**Assignment**
Each entry below is to be reproduced exactly, though any pictures it holds must be omitted.

**Records provided**
───

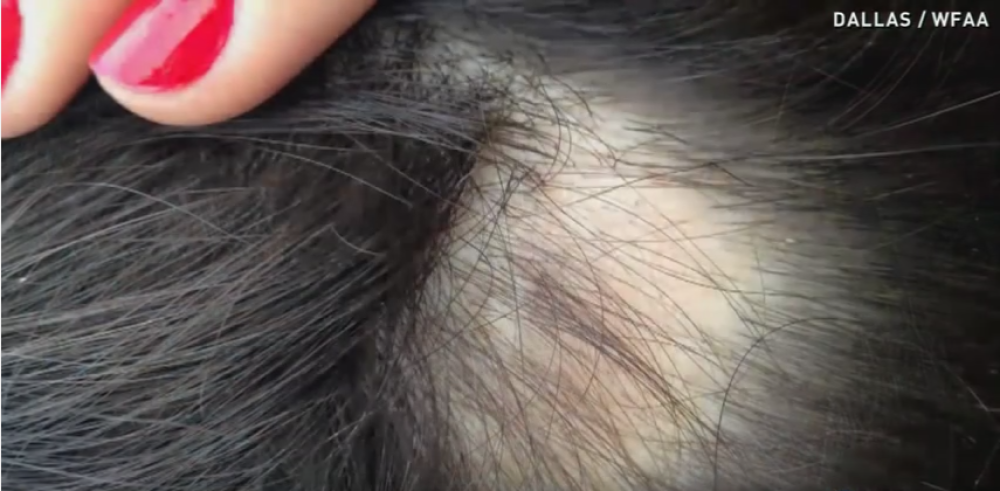 Oćelavile od "fensi" šampona (VIDEO)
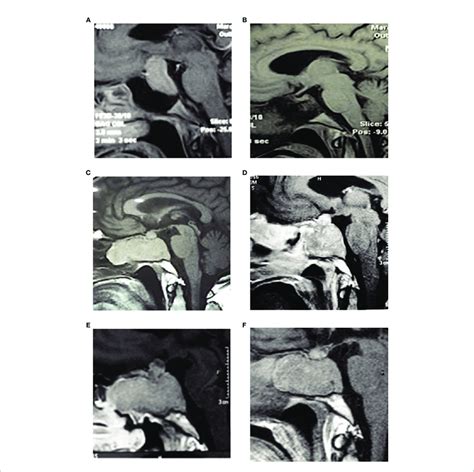 mri images a 2008 preoperative pituitary mri with gadolinium download scientific diagram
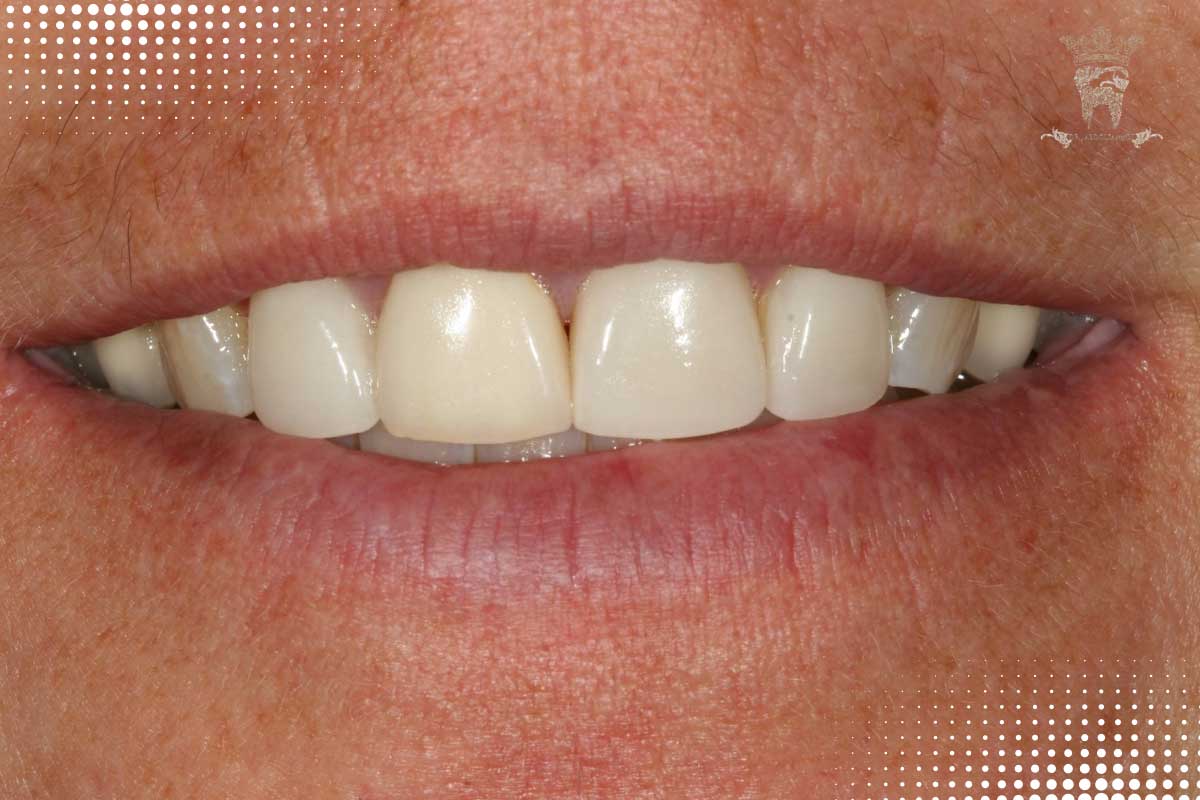 عوارض و معایب کامپوزیت دندان چیست؟ 3 عوارض کامپوزیت دندان های جلو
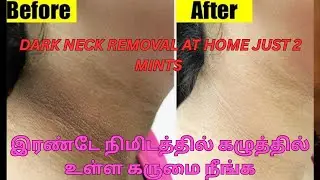 Neck Leaning Tips|Dirt and dark neck removal at home #homeremedies #skincaretips #darkneck #viral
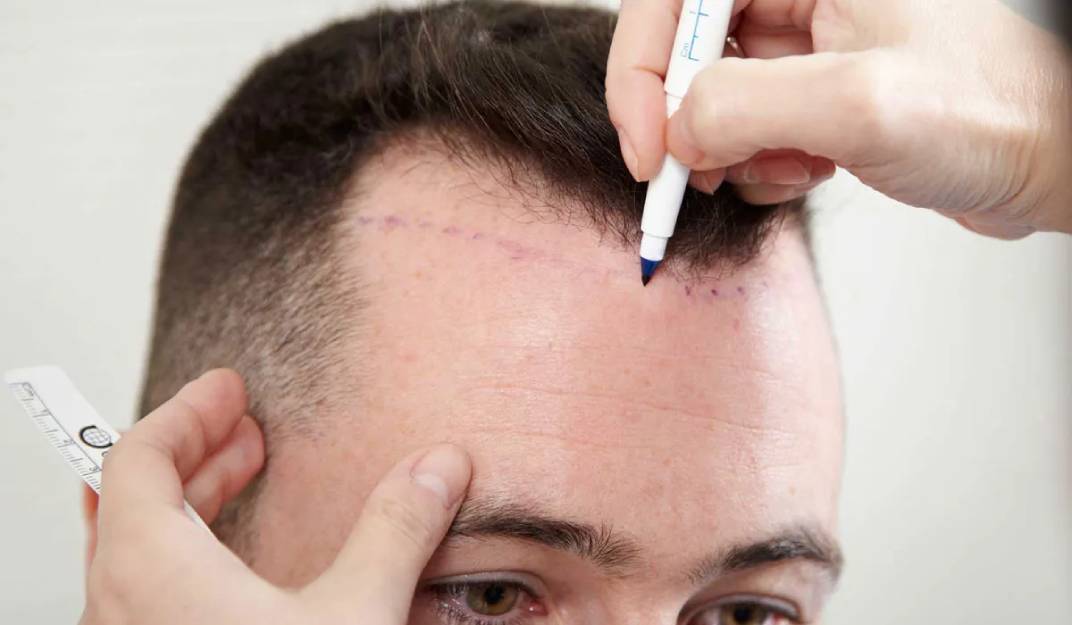 تجربتي لزراعة الشعر في تركيانا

───

**Exercise answer**
 Oćelavile od "fensi" šampona (VIDEO)
 mri images a 2008 preoperative pituitary mri with gadolinium download scientific diagram
 عوارض و معایب کامپوزیت دندان چیست؟ 3 عوارض کامپوزیت دندان های جلو
 Neck Leaning Tips|Dirt and dark neck removal at home #homeremedies #skincaretips #darkneck #viral
 تجربتي لزراعة الشعر في تركيانا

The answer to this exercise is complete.